L’imaginaire de la Voie lactée, alternative à celui du soleil

En partie contemporaine du « Soleil » (la rédaction couvre la période 1953-1957), « La Chèvre » propose une représentation de la Voie lactée qui fournit une alternative à celle du soleil – et rabaisse les prétentions de celui-ci à la domination, puisqu’il fait lui-même partie de cette galaxie. Le texte convoque, en effet, tout un matériau mythologique qui glorifie la figure maternelle de la Voie lactée au détriment de celle du Soleil-père.

Rappelons tout d’abord que la chèvre Amalthée, qui a nourri l’enfant Zeus, l’a également protégé de Cronos, le père tueur : « Amalthée avait suspendu le petit enfant à un arbre, pour que son père ne puisse le trouver "ni dans le ciel, ni sur la terre, ni dans la mer" »766. Plus tard, Amalthée, rejoignant le firmament, deviendra constellation. La fonction nourricière des chèvres est justement associée, dans le texte, aux étoiles et galaxies : « nourrices assidues et princesses lointaines, à l’image des galaxies », elles ont un « regard, sous les paupières lourdes, fabuleusement étoilé » (P, I, 806). Or le mot « galaxie », du grec galaktos, « lait », signifie proprement la Voie lactée, nébuleuse à laquelle appartient le soleil767. Entendue littéralement, cette voie lactée devient, dans le texte, principe supérieur transcendant l’opposition du masculin et du féminin (le lait est rapproché de la semence masculine) dans le don, dispensateur de vie, de

‘ce lait, plus précieux et parfumé qu’aucun autre (…), tout pareil à celui des étoiles jaillies au ciel nocturne en raison même de cette violence, et dont la multitude et l’éloignement infinis seulement, font de leurs lumières cette laitance – breuvage et semence à la fois – qui se répand ineffablement en nous (ibid., 808).’

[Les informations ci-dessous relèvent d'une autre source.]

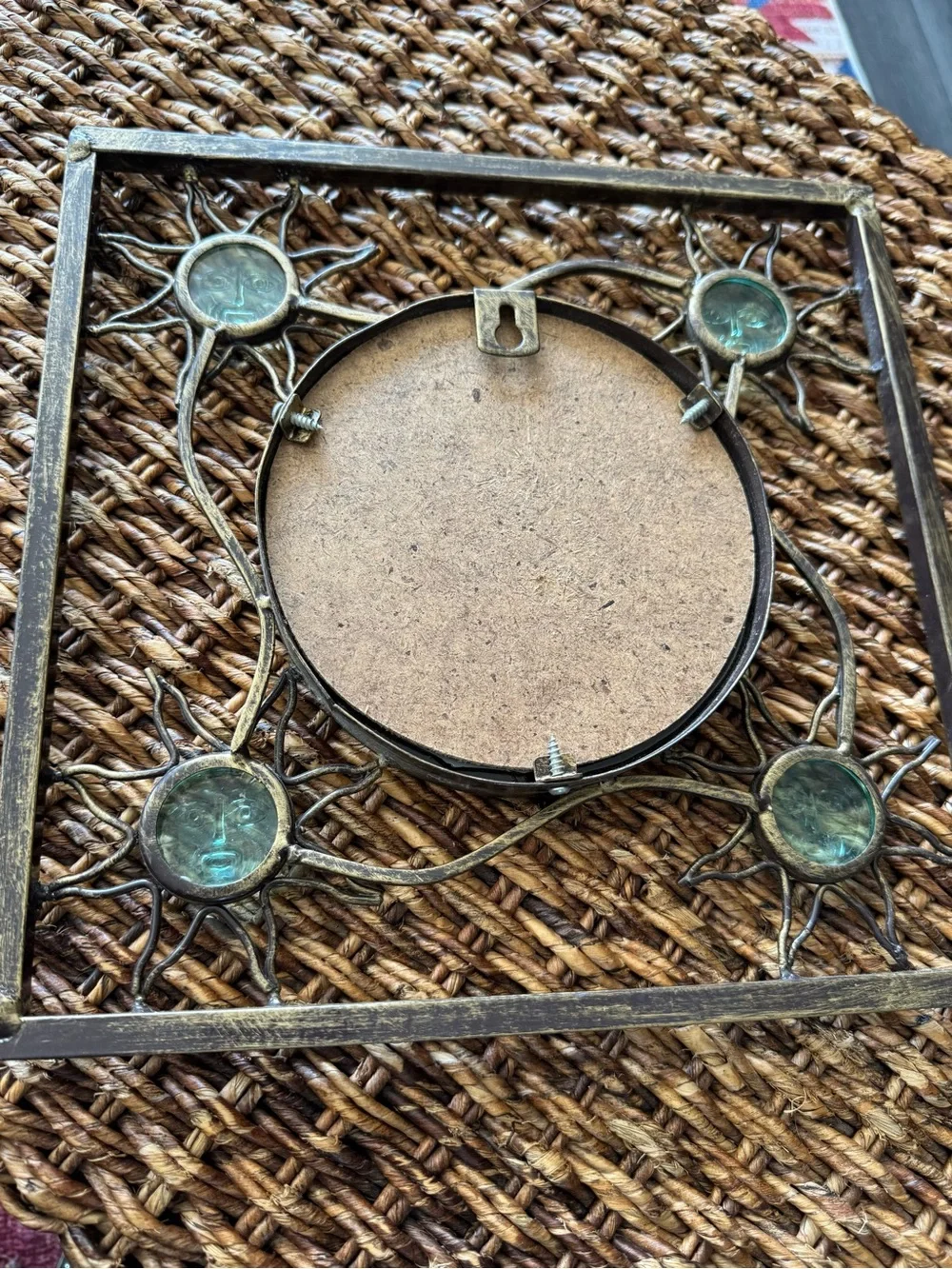 Vintage Celestial Sun Face Wall Mirror | Whimsygoth Boho Folk Art Metal/Glass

De plus, le récit mythologique de la formation de la voie lactée permet de voir dans « La Chèvre » l’écho ( considérablement transformé) d’un très ancien texte de Ponge, « L’Avenir des paroles », écrit en 1925. Le mythe raconte qu’Héraclès enfant fut placé sur le sein d’Hera endormie. Il voulut se nourrir mais tira si fort que le lait gicla et se répandit en une grande traînée laiteuse dans le ciel. C’est par rapport à ce récit que s’écrivait « L’Avenir des paroles » : dans ce texte, en effet, le drap des paroles, associé au voile avec lequel le jour interdit l’accès à la vérité des choses, se retirait enfin, au crépuscule, du corps nu d’un géant céleste qui pouvait alors boire au sein de la mère768. Etait donc posée, en 1925, une opposition irréductible entre les paroles et la réalité savoureuse représentée par le lait. Dans « La Chèvre » cette opposition disparaît : non seulement les paroles ne sont plus incompatibles avec le lait nourricier, mais elles en sont une figure. Se nourrir du lait (ou des paroles) de la voie lactée, c’est substituer l’imaginaire d’un ciel féminin et pourvoyeur de bienfaits à celui, muet et tyrannique, de « La Mounine » et du « Soleil ». C’est proposer une représentation imaginaire de ce que doit être, selon Ponge la fonction de la poésie : « nourrir l’esprit de l’homme en l’abouchant au cosmos » (M, I, 630, je souligne).

Notes
766.

P. Grimal, Dictionnaire de la mythologie grecque et romaine, Paris, PUF, 10ème éd., 1990, article « Amalthée ».

767.

Galatée, nymphe, était ainsi nommée pour sa peau blanche comme du lait. Or il se trouve que Galatée est évoquée dans « Joca Seria », dans un contexte où la figure de la chèvre est également très présente : « Il y a d’Alberto Giacometti à ses sculptures, le rapport (…) d’un rocher à une chèvre (…), d’un cyclope à une nymphe, (…) de Polyphème à Galatée » (AC, II, 629).

768.

« Le corps du bel obscur hors du drap des paroles alors tout découvert, bon pour un bol à boire au nichon de la mère d’Hercule ! » (PR, I, 168).